Okay, first of all let's remember the definition of the quotient group. The quotient group consists of all cosets of H in G, with the group operation (aH)(bH) = (ab)H.
In this example, first we have to find H. Well, the element (0,1) has order 2, and so H will have two elements (the other one is the identity), in other words H = {(0,0), (0,1)}.
The definition above, coupled with the enumeration of G which you give, shows that:
(Long form):
G/H = {(0,0)H, (0,1)H, (1,0)H, (1,1)H, (2,0)H, (2,1)H, (3,0)H, (3,1)H}
However some of these cosets are actually equal.

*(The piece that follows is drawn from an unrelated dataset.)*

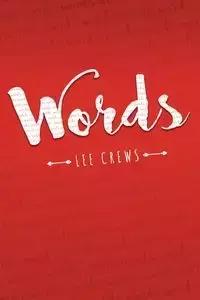 Words - Lee Crews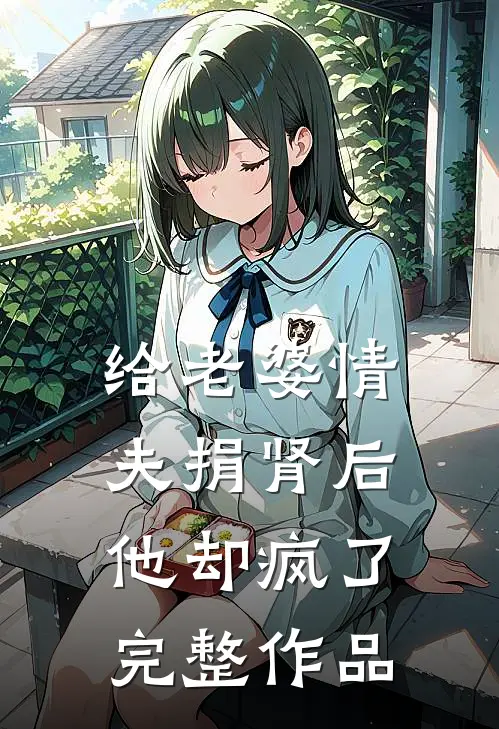 给老婆情夫捐肾后，他却疯了完整作品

To work this out, we use the following result: xH = yH if and only if x is an element of yH.
So, here goes:
(0,0)H = H = {(0,0), (0,1)} = (0,1)H (since (0,1) is an element of (0,0)H)
and similarly for the others:
(1,0)H = {(1,0)(0,0), (1,0)(0,1)} = {(1,0), (1,1)} = (1,1)H
(2,0)H = {(2,0)(0,0), (2,0)(0,1)} = {(2,0), (2,1)} = (2,1)H
(3,0)H = {(3,0)(0,0), (3,0)(0,1)} = {(3,0), (3,1)} = (3,1)H
Obviously if we had a much larger group then we could prove the pattern shown above as a general theorem, but it is not really worth it here.
Now, when we list the elements of G/H, we only need to take a representative for each coset as the coset leader. For example, we could just take all of the elements at the left-hand sides of the equations above.
So in summary:
G/H = {(0,0)H, (1,0)H, (2,0)H, (3,0)H} with the operation (aH)(bH) = (ab)H.